Der Brexit kommt nun wohl doch – aber als unendliche Geschichte

Es ist ein Trauerspiel. Am 23. Juni 2016 stimmten die Briten für den Austritt aus der EU. Aber erst im März 2017 will Großbritanniens Premierministerin Theresa May den Antrag Austritt aus der EU, gemäß Artikel 50 des Vertrags über die Europäische Union, bekannt geben und möchte die EU dann noch weitere 2 Jahre mit Verhandlungen blockieren. 
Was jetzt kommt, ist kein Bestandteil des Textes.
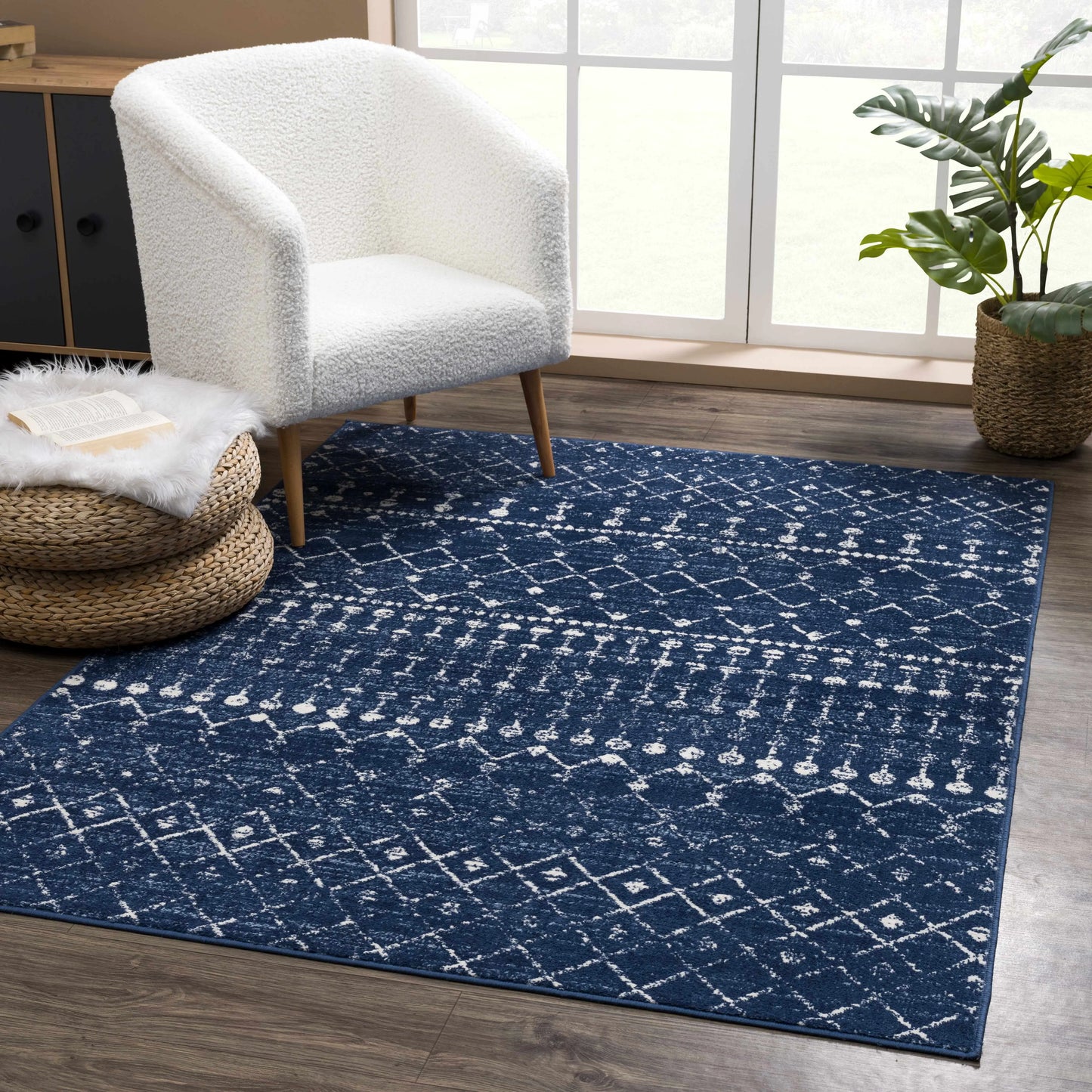 Tigrican Navy 2335 Area Rug Hauteloom LLC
Das kann so nicht gehen. Europa hat völlig andere Probleme als die paar abgehängten Insulaner. Es muss zumindest darauf reagieren, was der neue amerikanische Präsident tut. Eigentlich hätte es sofort nach dessen Wahl mit dem agieren beginnen müssen, aber das ist ja nicht möglich, da es keine geheimen Gespräche geben kann, solange die Briten noch mit ihren Vertretern und Bürokraten überall am Tisch sitzen und jeden Gedanken sofort ihren US-amerikanischen Vettern verraten um von denen zukünftig ernährt zu werden. 
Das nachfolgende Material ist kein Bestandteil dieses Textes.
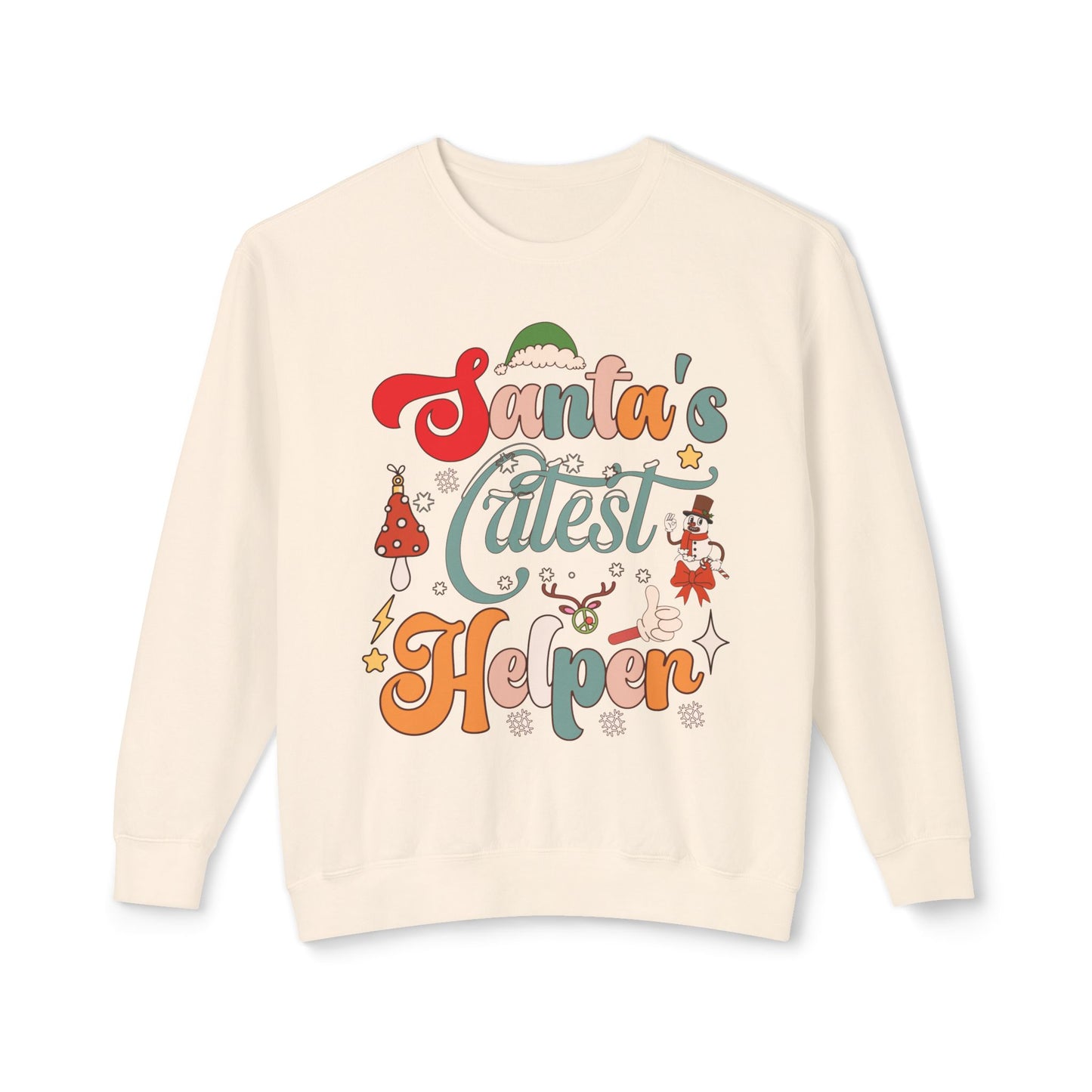 Santas Cutest Helper Unisex Lightweight Crewneck Sweatshirt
Wenn Europa sich weitere 25 Monate Stillstand leistet und es wird nicht bei den 25 Monaten sondern vermutlich eher bei 60 Monaten enden, dann kann man die EU genauso gut zu machen. Die Briten haben sich entschieden und ich bin immer noch der Meinung, dass es sehr gut ist, dass die Briten endlich die EU verlassen, deren Geist sie nie mittragen wollten. Aber nun muss es schnell gehen. 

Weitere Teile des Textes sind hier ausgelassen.